* [What needs to be done] With the pictures omitted, print exactly the lines below, from the one containing "Теплый пуховик приталенный Pang Million" through the one containing "Въздуховод на десен", and nothing else.

* [Data supplied]
########

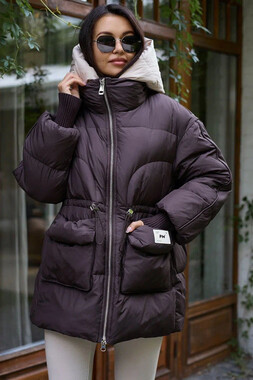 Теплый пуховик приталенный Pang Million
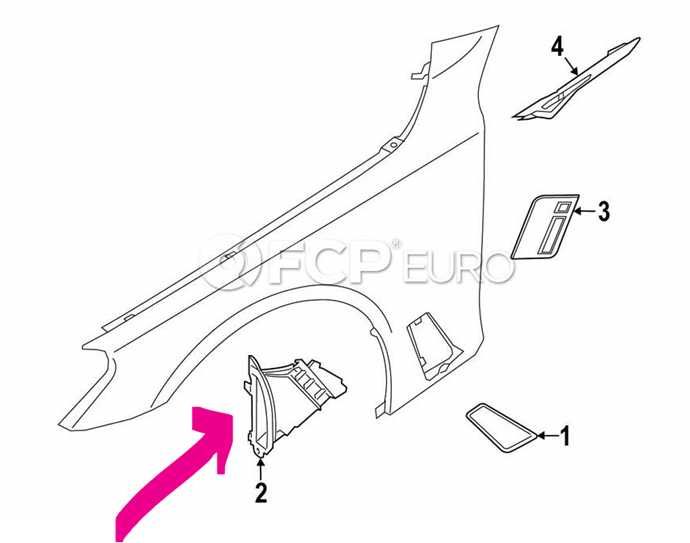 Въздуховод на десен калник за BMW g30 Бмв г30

########

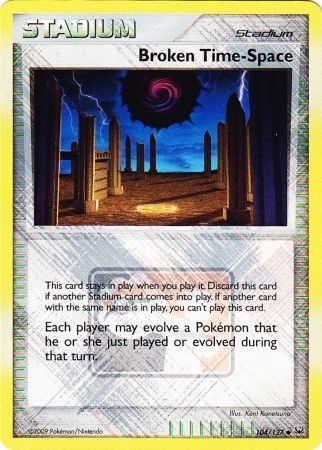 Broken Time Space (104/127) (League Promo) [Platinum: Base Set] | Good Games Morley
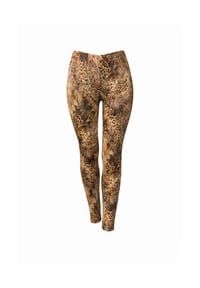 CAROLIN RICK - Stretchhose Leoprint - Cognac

########

* [Output below]
 Теплый пуховик приталенный Pang Million
 Въздуховод на десен калник за BMW g30 Бмв г30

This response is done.